Jego myśli w tej chwili szalały, pustosząc przy tym umysł, osiemnastolatka. Zastanawiał się, jak Raven zareagowała na jego nieobecność przez te ostatnie dni. Czy w ogóle o nim myślała? Jeśli tak co myśli o chłopaku teraz?
A może za dużo sobie wyobraża... może dziewczyna nawet nie przejęła się jego nagłym zniknięciem?

W samochodzie panowała cisza mącona jedynie dudnieniem kropli deszczu o przednią szybę samochodu, oraz jego niespokojnymi oddechami.
Nagle, coś krótko piknęło pod maską i auto po woli zaczęło się zatrzymywać. Harry nacisnął parę razy pedał gazu, jednak na marne. Zjechał, a raczej doczołgał się samochodem na pobocze i zgasił silnik.
Przeklął pod nosem patrząc na duże krople deszczu siarczyście spływające po przedniej szybie.
Wyjął telefon, by zadzwonić po taksówkę, jednak jedynie ze zdenerwowaniem odrzucił go na fotel pasażera, uświadamiając sobie, że bateria jest wyczerpana.
- Po prostu świetnie - mruknął pod nosem, zamykając na moment oczy by się uspokoić.

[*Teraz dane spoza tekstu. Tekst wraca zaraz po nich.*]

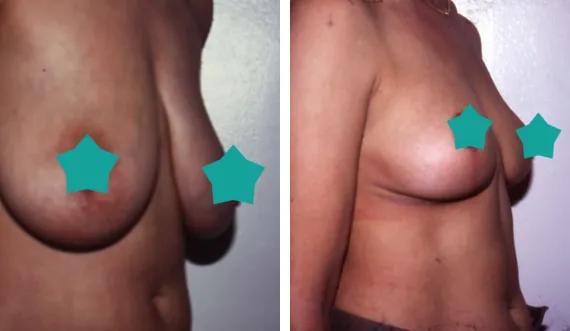 Breast lift witout implant (2)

Złapał się za włosy, biorąc głęboki oddech i zbierając myśli. Spróbował ponownie odpalić pojazd, jednak nic to nie dało. Zrezygnowany, spojrzał raz jeszcze na widok za okiem, po czym zapinając szczelniej bluzę otworzył drzwiczki auta.
Wzdrygnął się, gdy zimne krople zaczęły przesiąkać materiał ubrania... Teraz wiedział, że powinien założyć kurtkę...
Jednym szybkim spojrzeniem zlustrował urządzenia pod otwartą maską pojazdu. Nigdy nie był dopbry w te klocki.
Westchnąwszy, opuścił klapę i szybkim krokiem zaczął kierować się w stronę sierocińca.

Kiedy paręnaście minut, kilkadziesiąt przekleństw i  trzy ulicę później przechodził przez drzwi, był przemoknięty do suchej nitki. Jego loki w tej chwili, przyklejone były do czoła i spływała z nich woda, usta zaciśnięte w cienką linię były bardziej niż sine, a całe jego ciała trzęsło się niczym galareta.
I jednym słowem wyglądał bardziej niż żałośnie....
***
- Raven... czemu nic nie narysowałaś?
Dziewczyna tylko przewróciła oczami, nawet nie zadając sobie trudności spojrzenia na doktor Stand.
Serio, jakby ją to obchodziło... W ogóle po co ta cała szopka, zwana potocznie "terapią grupową"? Raven nie rozumiała, tak wielkiego znaczenia prac plastycznych co wszyscy w koło jej.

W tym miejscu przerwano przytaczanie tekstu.